32. In this case when the prosecution succeeded in establishing the afore-narrated circumstances, the court has to presume the existence of certain facts. Presumption is a course recognised by the law for the court to rely on in conditions such as this.21
These words echo the words of Justice Iyer in 1973 in Shivaji Sahabrao5 and there is not yet a decision like Kali Ram8 to balance the situation. Justice Thomas continue to maintain the position taken by Justice Krishna Iyer, though the explanation given by Justice Khanna remains in oblivion.
Justice Thomas also dwelt on the role of the trial court in the reasoning process. He said:
34. When it is proved to the satisfaction of the Court that Mahesh was abducted by the accused and they took him out of that area, the accused alone knew what happened to him until he was with them. If he was found murdered within a short time after the abduction, the permitted reasoning process would enable the Court to draw the presumption that the accused have murdered him. Such inference can be disrupted if the accused would tell the Court what else happened to Mahesh at least until he was in their custody.22
The Court proceeded further and commanding Section 106 of the Evidence Act to its aid reasoned:
36. In this context we may profitably utilise the legal principle embodied in Section 106 of the Evidence Act which reads as follows: When any fact is especially within the knowledge of any person, the burden of proving that fact is upon him.
37. The section is not intended to relieve the prosecution of its burden to prove the guilt of the accused beyond reasonable doubt. But the section would apply to cases where the prosecution has succeeded in proving facts from which a reasonable inference can be drawn regarding the existence of certain other facts, unless the accused by virtue of his special knowledge regarding such facts, failed to offer any explanation which might drive the court to draw a different inference.23
The process of reasoning is indeed welcome in exceptional cases where the court is convinced about the truthfulness of the prosecution case in the light of facts established by it in the process of trial. But an overemphasis on this power might sometimes lead the court to making conclusions that may fail to convince others as being legally and factually valid. In this context it is also interesting to note how the Supreme Court drew inference and made a story different from what the prosecution presented to the trial court and the High Court. In State of U.P. v. Lakhmi24 the prosecution set up a story to the effect that a husband who used to quarrel with his wife on account of his drinking habit, killed her. He was caught and trussed upon a tree. During the course of trial he gave statements to the court under Section 313 CrPC. Taking the cue from Section 313(4) CrPC, Justice Thomas concluded that it amounts to legislative guidelines for the Court to give due weight to such answers, though it does not mean that such answers would be made the sole basis of any finding.

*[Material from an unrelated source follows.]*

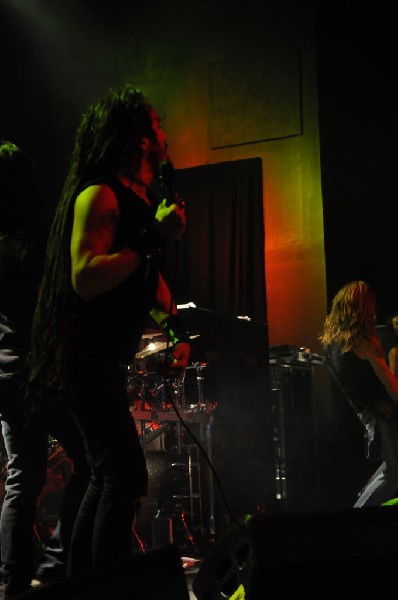 Death Angel at Emo's East, Austin, Texas  10/29/11 - photo by Jeff Barringe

The accuseds defence of insanity under Section 84 IPC was not apparently accepted by the Court. But the Court referred to the alternative defence and said:
However, we have noticed that the accused had adopted another alternative defence which has been suggested during cross-examination of prosecution witnesses i.e. his wife and PW 2 (Ramey) were together on the bed during the early hours of the date of occurrence. If that suggestion deserves consideration we have to turn to the question whether the benefit of Exception 1 of Section 300 IPC should be extended to him?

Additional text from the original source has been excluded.